╭─ Records for this task

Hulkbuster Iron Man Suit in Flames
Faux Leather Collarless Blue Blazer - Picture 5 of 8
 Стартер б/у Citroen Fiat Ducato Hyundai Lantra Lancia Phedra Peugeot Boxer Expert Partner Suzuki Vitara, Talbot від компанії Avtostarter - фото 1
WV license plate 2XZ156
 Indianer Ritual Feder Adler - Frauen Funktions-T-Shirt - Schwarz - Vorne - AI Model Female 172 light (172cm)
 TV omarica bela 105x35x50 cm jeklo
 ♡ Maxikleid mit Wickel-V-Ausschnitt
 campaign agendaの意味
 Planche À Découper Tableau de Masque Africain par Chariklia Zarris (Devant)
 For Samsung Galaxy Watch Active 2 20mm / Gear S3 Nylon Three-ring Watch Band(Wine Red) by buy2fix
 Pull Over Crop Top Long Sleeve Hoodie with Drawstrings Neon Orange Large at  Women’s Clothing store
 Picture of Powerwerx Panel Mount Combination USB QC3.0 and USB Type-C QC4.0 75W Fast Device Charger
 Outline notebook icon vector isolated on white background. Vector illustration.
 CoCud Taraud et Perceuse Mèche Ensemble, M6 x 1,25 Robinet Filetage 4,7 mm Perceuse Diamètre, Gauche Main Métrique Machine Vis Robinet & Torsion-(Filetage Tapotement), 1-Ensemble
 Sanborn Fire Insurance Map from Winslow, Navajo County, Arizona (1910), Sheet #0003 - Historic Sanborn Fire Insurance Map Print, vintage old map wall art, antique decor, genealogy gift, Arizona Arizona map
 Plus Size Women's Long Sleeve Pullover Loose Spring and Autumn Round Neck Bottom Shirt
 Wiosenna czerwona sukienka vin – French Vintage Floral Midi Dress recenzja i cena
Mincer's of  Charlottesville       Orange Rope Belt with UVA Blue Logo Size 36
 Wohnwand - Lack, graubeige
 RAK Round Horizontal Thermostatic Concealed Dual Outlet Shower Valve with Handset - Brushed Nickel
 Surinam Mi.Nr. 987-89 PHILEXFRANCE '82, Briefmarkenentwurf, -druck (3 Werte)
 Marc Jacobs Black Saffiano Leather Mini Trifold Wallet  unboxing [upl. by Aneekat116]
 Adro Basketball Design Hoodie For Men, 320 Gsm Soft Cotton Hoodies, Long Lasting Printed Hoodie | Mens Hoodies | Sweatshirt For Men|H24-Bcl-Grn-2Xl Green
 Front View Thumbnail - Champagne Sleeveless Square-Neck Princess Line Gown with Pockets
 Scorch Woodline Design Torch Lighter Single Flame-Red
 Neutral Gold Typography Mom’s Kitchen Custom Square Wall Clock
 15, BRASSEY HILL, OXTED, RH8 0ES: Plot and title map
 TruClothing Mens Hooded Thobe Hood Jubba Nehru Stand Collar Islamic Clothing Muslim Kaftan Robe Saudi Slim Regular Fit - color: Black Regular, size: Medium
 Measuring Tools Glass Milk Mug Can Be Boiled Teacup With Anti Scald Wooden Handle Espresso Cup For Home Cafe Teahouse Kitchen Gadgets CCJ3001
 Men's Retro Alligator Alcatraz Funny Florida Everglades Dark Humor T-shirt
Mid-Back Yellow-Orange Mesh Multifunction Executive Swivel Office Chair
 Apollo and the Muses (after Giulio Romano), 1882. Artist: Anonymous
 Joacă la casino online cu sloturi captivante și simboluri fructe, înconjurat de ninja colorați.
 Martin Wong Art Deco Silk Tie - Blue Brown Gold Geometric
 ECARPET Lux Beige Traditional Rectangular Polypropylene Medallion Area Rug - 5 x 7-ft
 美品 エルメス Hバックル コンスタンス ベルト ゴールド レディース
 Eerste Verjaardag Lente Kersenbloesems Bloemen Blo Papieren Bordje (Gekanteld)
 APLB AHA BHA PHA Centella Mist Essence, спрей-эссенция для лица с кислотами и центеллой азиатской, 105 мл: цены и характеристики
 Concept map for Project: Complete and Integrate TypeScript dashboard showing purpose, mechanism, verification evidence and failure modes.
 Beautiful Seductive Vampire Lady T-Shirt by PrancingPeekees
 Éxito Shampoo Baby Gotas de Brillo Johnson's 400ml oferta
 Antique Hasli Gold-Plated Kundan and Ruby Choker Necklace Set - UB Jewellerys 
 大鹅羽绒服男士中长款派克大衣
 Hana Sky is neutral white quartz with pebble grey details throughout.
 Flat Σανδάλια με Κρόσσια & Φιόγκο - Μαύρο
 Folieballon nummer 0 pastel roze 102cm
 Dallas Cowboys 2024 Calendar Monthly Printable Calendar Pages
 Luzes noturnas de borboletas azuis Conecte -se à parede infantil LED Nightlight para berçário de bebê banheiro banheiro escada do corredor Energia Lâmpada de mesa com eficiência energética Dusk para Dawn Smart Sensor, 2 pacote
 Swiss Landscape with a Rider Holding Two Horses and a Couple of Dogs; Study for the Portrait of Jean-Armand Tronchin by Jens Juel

╰─

To do:
Set down each entry above again exactly as it reads.

Reply to the exercise:
Hulkbuster Iron Man Suit in Flames
Faux Leather Collarless Blue Blazer - Picture 5 of 8
 Стартер б/у Citroen Fiat Ducato Hyundai Lantra Lancia Phedra Peugeot Boxer Expert Partner Suzuki Vitara, Talbot від компанії Avtostarter - фото 1
WV license plate 2XZ156
 Indianer Ritual Feder Adler - Frauen Funktions-T-Shirt - Schwarz - Vorne - AI Model Female 172 light (172cm)
 TV omarica bela 105x35x50 cm jeklo
 ♡ Maxikleid mit Wickel-V-Ausschnitt
 campaign agendaの意味
 Planche À Découper Tableau de Masque Africain par Chariklia Zarris (Devant)
 For Samsung Galaxy Watch Active 2 20mm / Gear S3 Nylon Three-ring Watch Band(Wine Red) by buy2fix
 Pull Over Crop Top Long Sleeve Hoodie with Drawstrings Neon Orange Large at  Women’s Clothing store
 Picture of Powerwerx Panel Mount Combination USB QC3.0 and USB Type-C QC4.0 75W Fast Device Charger
 Outline notebook icon vector isolated on white background. Vector illustration.
 CoCud Taraud et Perceuse Mèche Ensemble, M6 x 1,25 Robinet Filetage 4,7 mm Perceuse Diamètre, Gauche Main Métrique Machine Vis Robinet & Torsion-(Filetage Tapotement), 1-Ensemble
 Sanborn Fire Insurance Map from Winslow, Navajo County, Arizona (1910), Sheet #0003 - Historic Sanborn Fire Insurance Map Print, vintage old map wall art, antique decor, genealogy gift, Arizona Arizona map
 Plus Size Women's Long Sleeve Pullover Loose Spring and Autumn Round Neck Bottom Shirt
 Wiosenna czerwona sukienka vin – French Vintage Floral Midi Dress recenzja i cena
Mincer's of  Charlottesville       Orange Rope Belt with UVA Blue Logo Size 36
 Wohnwand - Lack, graubeige
 RAK Round Horizontal Thermostatic Concealed Dual Outlet Shower Valve with Handset - Brushed Nickel
 Surinam Mi.Nr. 987-89 PHILEXFRANCE '82, Briefmarkenentwurf, -druck (3 Werte)
 Marc Jacobs Black Saffiano Leather Mini Trifold Wallet  unboxing [upl. by Aneekat116]
 Adro Basketball Design Hoodie For Men, 320 Gsm Soft Cotton Hoodies, Long Lasting Printed Hoodie | Mens Hoodies | Sweatshirt For Men|H24-Bcl-Grn-2Xl Green
 Front View Thumbnail - Champagne Sleeveless Square-Neck Princess Line Gown with Pockets
 Scorch Woodline Design Torch Lighter Single Flame-Red
 Neutral Gold Typography Mom’s Kitchen Custom Square Wall Clock
 15, BRASSEY HILL, OXTED, RH8 0ES: Plot and title map
 TruClothing Mens Hooded Thobe Hood Jubba Nehru Stand Collar Islamic Clothing Muslim Kaftan Robe Saudi Slim Regular Fit - color: Black Regular, size: Medium
 Measuring Tools Glass Milk Mug Can Be Boiled Teacup With Anti Scald Wooden Handle Espresso Cup For Home Cafe Teahouse Kitchen Gadgets CCJ3001
 Men's Retro Alligator Alcatraz Funny Florida Everglades Dark Humor T-shirt
Mid-Back Yellow-Orange Mesh Multifunction Executive Swivel Office Chair
 Apollo and the Muses (after Giulio Romano), 1882. Artist: Anonymous
 Joacă la casino online cu sloturi captivante și simboluri fructe, înconjurat de ninja colorați.
 Martin Wong Art Deco Silk Tie - Blue Brown Gold Geometric
 ECARPET Lux Beige Traditional Rectangular Polypropylene Medallion Area Rug - 5 x 7-ft
 美品 エルメス Hバックル コンスタンス ベルト ゴールド レディース
 Eerste Verjaardag Lente Kersenbloesems Bloemen Blo Papieren Bordje (Gekanteld)
 APLB AHA BHA PHA Centella Mist Essence, спрей-эссенция для лица с кислотами и центеллой азиатской, 105 мл: цены и характеристики
 Concept map for Project: Complete and Integrate TypeScript dashboard showing purpose, mechanism, verification evidence and failure modes.
 Beautiful Seductive Vampire Lady T-Shirt by PrancingPeekees
 Éxito Shampoo Baby Gotas de Brillo Johnson's 400ml oferta
 Antique Hasli Gold-Plated Kundan and Ruby Choker Necklace Set - UB Jewellerys 
 大鹅羽绒服男士中长款派克大衣
 Hana Sky is neutral white quartz with pebble grey details throughout.
 Flat Σανδάλια με Κρόσσια & Φιόγκο - Μαύρο
 Folieballon nummer 0 pastel roze 102cm
 Dallas Cowboys 2024 Calendar Monthly Printable Calendar Pages
 Luzes noturnas de borboletas azuis Conecte -se à parede infantil LED Nightlight para berçário de bebê banheiro banheiro escada do corredor Energia Lâmpada de mesa com eficiência energética Dusk para Dawn Smart Sensor, 2 pacote
 Swiss Landscape with a Rider Holding Two Horses and a Couple of Dogs; Study for the Portrait of Jean-Armand Tronchin by Jens Juel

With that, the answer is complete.